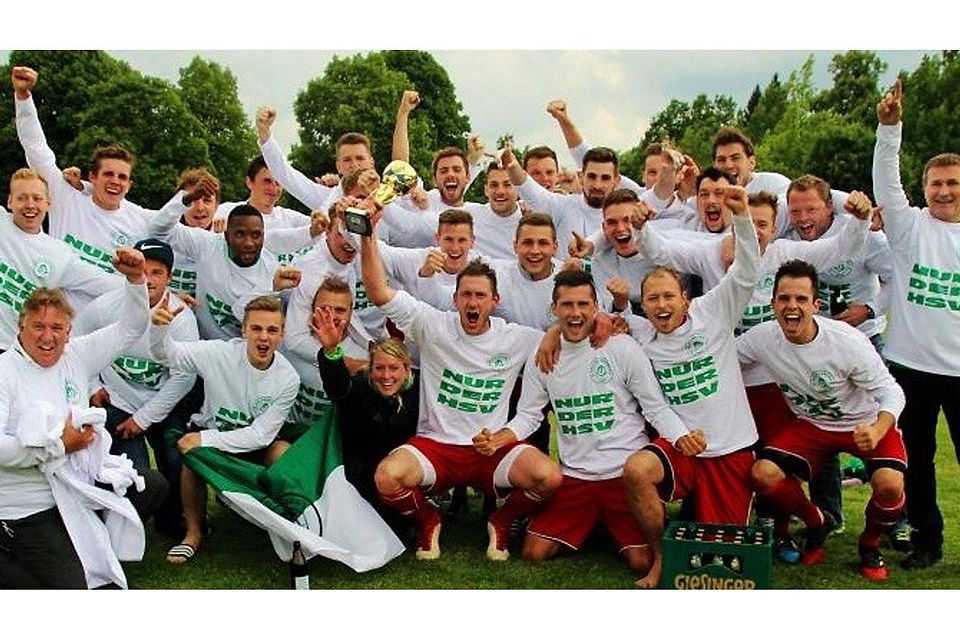 Die Bad Heilbrunner feiern trotz der Niederlage ihren Meistertitel und Aufstieg. Foto: Scheitterer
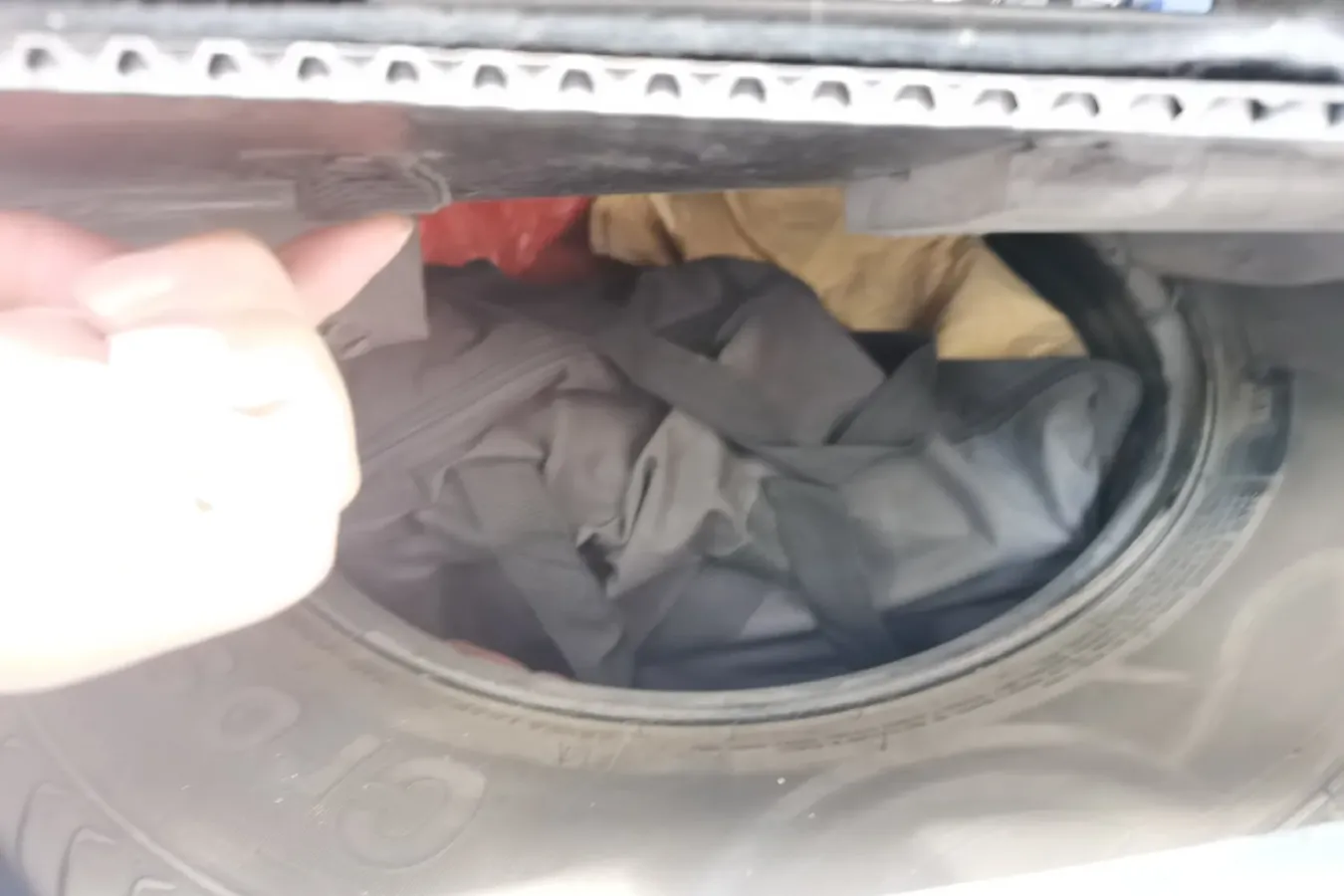 2014 DongFeng Forthing Joyear X3 1.5L 120HP L4 5MT,autocango,china used car exporter,china ev exporter,chinese used car exporter,chinese used ev exporter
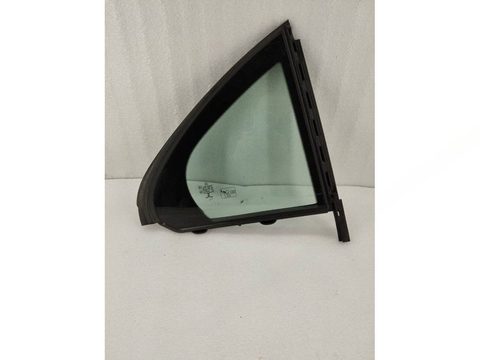 Форточка задняя правая Mercedes C W205, 2016 г., OEM A2057300155, арт. 16325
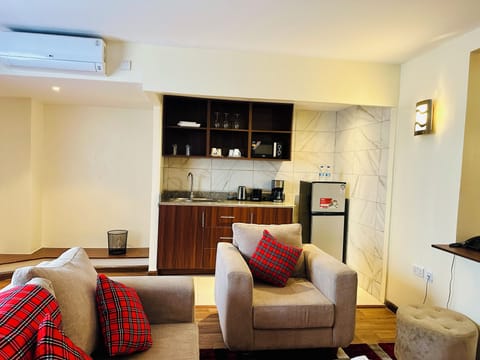 Premium Suite | Living area | 43-inch Smart TV with satellite channels, TV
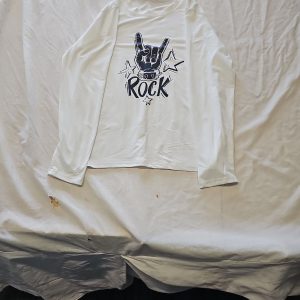 Vintage-Style Long Sleeve 'Rock' Graphic Tee in White s Q777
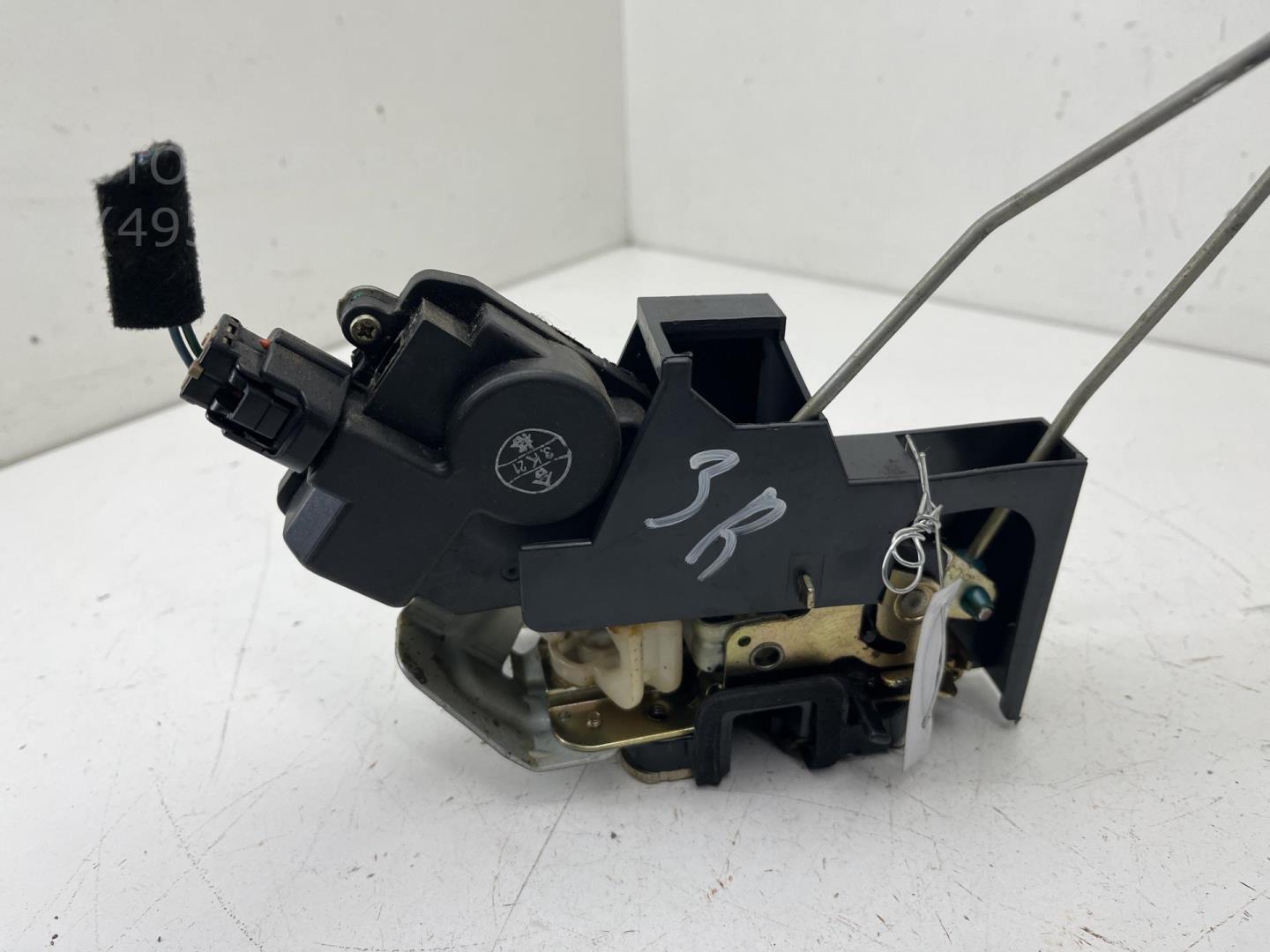 Замок двери задней правой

==================================================

** Required work **
Leave out the images and write out the lines above exactly, from the one with "2014 DongFeng Forthing" up to and including the one with "Форточка задняя правая".

** Result below **
 2014 DongFeng Forthing Joyear X3 1.5L 120HP L4 5MT,autocango,china used car exporter,china ev exporter,chinese used car exporter,chinese used ev exporter
 Форточка задняя правая Mercedes C W205, 2016 г., OEM A2057300155, арт. 16325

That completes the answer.